Itamar Silva
Diretor do Ibase
Ontem assisti ao jogo Brasil e Inglaterra acompanhando a transmissão feita pela Rede Globo. Fiquei com um certo incômodo que, a princípio, não consegui definir. Olhava para aquele estádio pela TV e não reconhecia o Maracanã. Mais que isso, eu não me identificava com aquele conjunto de torcedores e não reconhecia a massa que por tantos anos fez balançar aquele estádio. Parecia um estádio europeu: todos muito bem comportados, brancos, na sua maioria, e com lindos sorrisos. Talvez essa era a imagem que se queria mostrar. Pode ser… mas tive dificuldades de me identificar com aquele quadro.
Me chamou atenção uma entrevista com um grupo de rapazes que estavam no limite entre as cadeiras e o gramado. Todos os jovens eram brancos e com “cara de bem nascidos”, falavam corretamente e um deles, sentado na grade, fronteira física que separava os dois espaços, sentia-se em casa. A sensação era a de que a qualquer momento, dependo de sua vontade, ele poderia estar do outro lado. Essa possibilidade existia. Minha cabeça deu uma volta eu pensei que aquele cenário, naquele momento, espelhava as diferentes oportunidades oferecidas às juventudes brasileiras. E como gosto de provocar os meus próprios pensamentos, fiz a seguinte pergunta: e se o jovem sentado na grade fosse negro e pobre? E se o jovem entrevistado se expressasse como um funkeiro? Será que haveria algum segurança próximo a eles? Bem, eu sei que muitos devem achar que isso é preconceito. É, pode ser, mas fica a provocação. Neste momento lembrei que a área mais próxima ao campo, nos tempos do antigo Maracanã, era ocupada pela população mais pobre (era o lugar mais barato) ou então pelos super apaixonados pelo futebol que queriam ver tudo a beira do gramado. Os geraldinos fizeram história nesse estádio. Agora se foram, são outros tempos!

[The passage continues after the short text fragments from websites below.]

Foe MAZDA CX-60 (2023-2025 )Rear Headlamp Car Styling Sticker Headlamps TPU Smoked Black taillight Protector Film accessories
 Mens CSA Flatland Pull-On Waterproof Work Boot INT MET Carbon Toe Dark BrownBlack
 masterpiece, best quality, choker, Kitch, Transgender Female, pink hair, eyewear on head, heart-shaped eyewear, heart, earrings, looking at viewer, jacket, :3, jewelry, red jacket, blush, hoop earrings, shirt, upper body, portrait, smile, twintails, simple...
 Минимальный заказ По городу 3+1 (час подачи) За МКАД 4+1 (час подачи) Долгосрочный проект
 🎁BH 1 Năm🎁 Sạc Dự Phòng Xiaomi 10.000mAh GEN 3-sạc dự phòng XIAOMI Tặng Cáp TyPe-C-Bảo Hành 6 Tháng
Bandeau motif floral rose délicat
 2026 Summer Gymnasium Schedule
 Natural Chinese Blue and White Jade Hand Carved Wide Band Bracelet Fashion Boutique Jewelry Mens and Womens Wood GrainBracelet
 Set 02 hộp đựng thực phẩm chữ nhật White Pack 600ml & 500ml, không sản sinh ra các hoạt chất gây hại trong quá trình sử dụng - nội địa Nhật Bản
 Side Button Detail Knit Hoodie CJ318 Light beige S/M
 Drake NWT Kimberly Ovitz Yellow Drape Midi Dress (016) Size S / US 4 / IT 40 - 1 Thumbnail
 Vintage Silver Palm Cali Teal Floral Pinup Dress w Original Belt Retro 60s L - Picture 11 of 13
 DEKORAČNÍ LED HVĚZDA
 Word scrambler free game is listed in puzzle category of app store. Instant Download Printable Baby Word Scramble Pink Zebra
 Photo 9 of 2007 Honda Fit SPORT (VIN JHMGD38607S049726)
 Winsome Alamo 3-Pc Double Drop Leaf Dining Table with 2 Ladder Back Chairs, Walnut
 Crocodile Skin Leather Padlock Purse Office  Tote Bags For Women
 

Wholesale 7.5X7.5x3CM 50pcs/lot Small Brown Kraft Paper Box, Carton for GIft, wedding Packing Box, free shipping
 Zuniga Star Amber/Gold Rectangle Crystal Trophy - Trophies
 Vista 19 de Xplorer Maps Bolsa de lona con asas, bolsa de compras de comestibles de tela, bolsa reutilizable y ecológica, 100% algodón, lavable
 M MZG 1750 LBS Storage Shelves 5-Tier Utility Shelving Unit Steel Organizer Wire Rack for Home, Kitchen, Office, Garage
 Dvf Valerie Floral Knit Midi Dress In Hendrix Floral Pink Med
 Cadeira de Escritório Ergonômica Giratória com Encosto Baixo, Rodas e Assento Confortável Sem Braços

Também me fixei nas imagens que apareciam nos telões. Lá era mostrado um tipo de torcedor especial, diferente daqueles passionais que sofrem e explodem em alegria junto com o time. Os torcedores dos telões mostrados pela televisão eram simpáticos, alegres e comportados: não vaiaram a seleção, não gritaram nos momentos de tensão e responderam com fleugma ao empate conquistado a duras penas de um segundo tempo que foi difícil para o Brasil.
Voltando a pergunta que provocou esse meu momento: o que está acontecendo com o Rio?
Veja a experiência das favelas com UPP: agora, com segurança, os jovens bem nascidos podem frequentar eventos nessas favelas, lugares antes frequentados por uma população mais pobre e menos branca. Olhando para essas duas experiências, poderia afirmar que o Rio está embranquecendo. Será? Onde estão os outros, os geraldinos? Aqueles menos brancos e com muito menos possibilidades de pagar ingressos tão caros?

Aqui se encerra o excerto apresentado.